Greek mythological figure

In Greek mythology, Crataeis (Κραταιίς, -ίδος, alt. Crataiis) is, by some accounts, the mother of Scylla. In Homer's Odyssey, Circe tells Odysseus:

"Nay, row past with all thy might, and call upon Crataiis, the mother of Scylla, who bore her for a bane to mortals. Then will she keep her from darting forth again." (Translation by A. T. Murray)

Several authors, Ovid, Apollodorus, Servius and scholia on Plato, follow Homer in assigning Crataeis as the mother of Scylla. Neither Homer nor Ovid mention a father for Scylla, but Apollodorus says that the father was either Trienus (Triton?) or Phorcus (a variant of Phorkys), similarly the Plato scholiast, perhaps following Apollodorus, gives the father as Tyrrhenus or Phorcus, while Eustathius gives the father as Triton.

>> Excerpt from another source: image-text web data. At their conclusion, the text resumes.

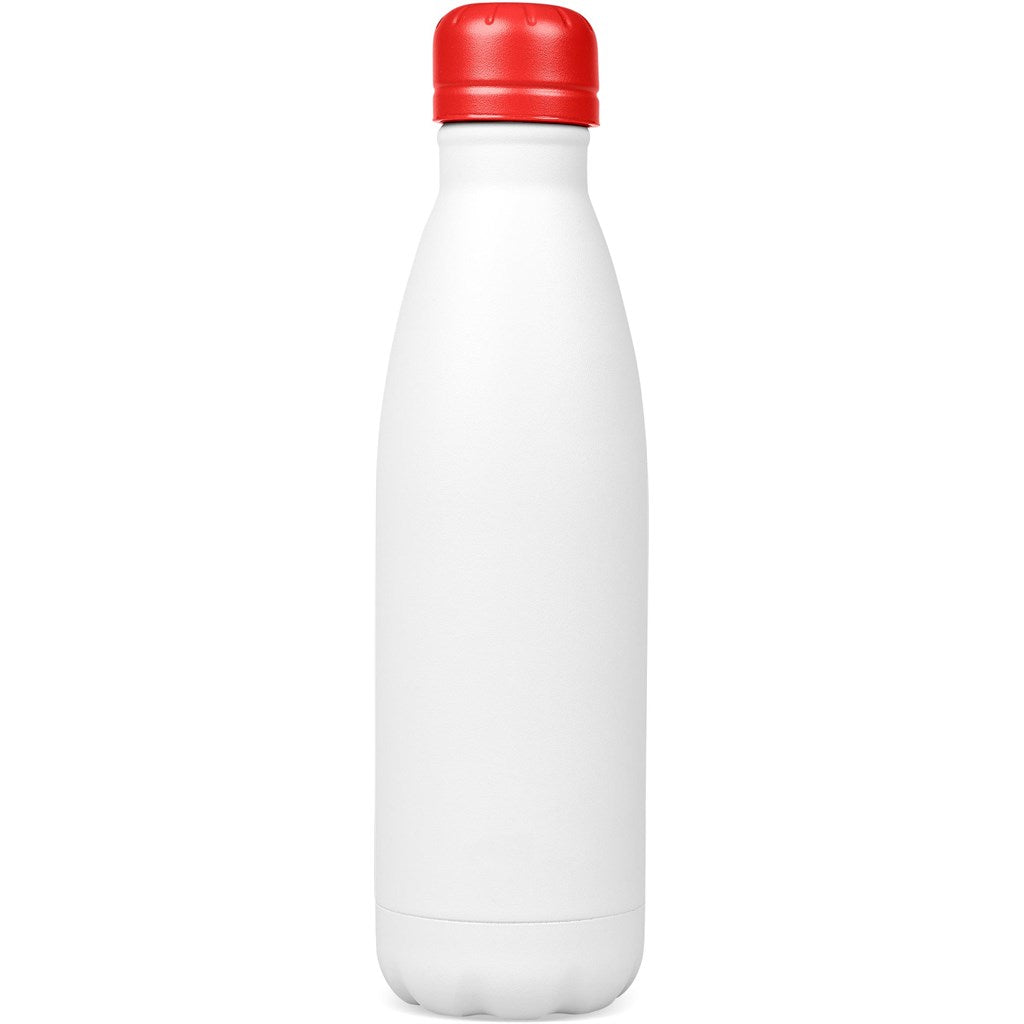 Kooshty Bingo Vacuum Water Bottle – 500ml ZA Drinkware,Bottles,Ideas for Summer,Drinkware Mirelle Leather and Lifestyle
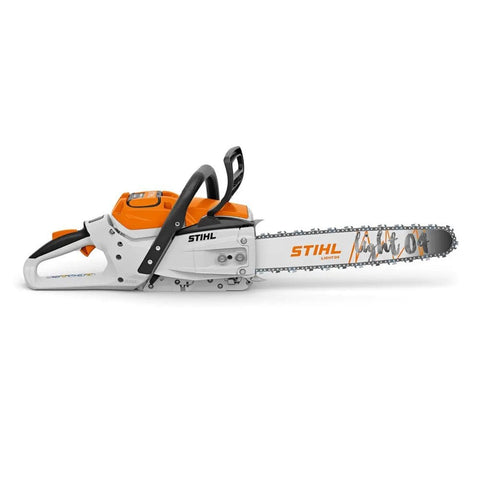 Stihl MSA 300 45cm/18" Battery Chainsaw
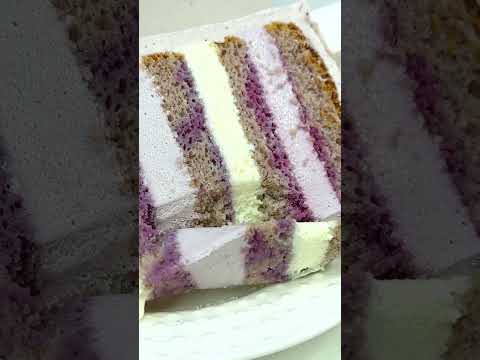 Видео: ↑ ↑ ↑ Полный рецепт торта ↑ ↑ ↑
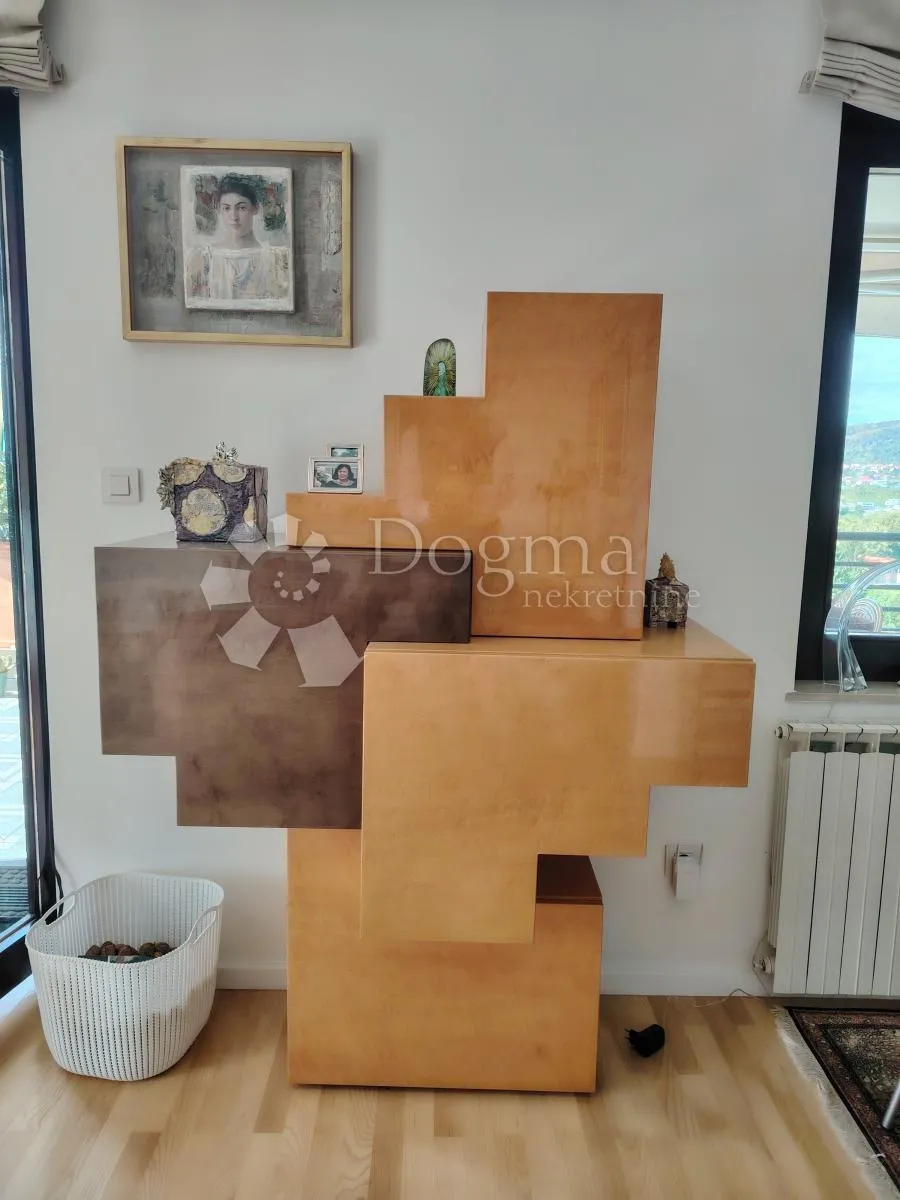ekskluzivan dom nadomak predsjedničke palače - slika 21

Other authors have Hecate as Scylla's mother. The Hesiodic Megalai Ehoiai gives Hecate and Phorbas as the parents of Scylla, while Acusilaus says that Scylla's parents were Hecate and Phorkys (so also schol. Odyssey 12.85). Perhaps trying to reconcile these conflicting accounts, Apollonius of Rhodes says that Crataeis was another name for Hecate, and that she and Phorcys were the parents of Scylla. Likewise, Semos of Delos (FGrHist 396 F 22) says that Crataeis was the daughter of Hecate and Triton, and mother of Scylla by Deimos. Stesichorus (alone) names Lamia as the mother of Scylla, possibly the Lamia who was the daughter of Poseidon, while according to Hyginus, Scylla was the offspring of Typhon and Echidna.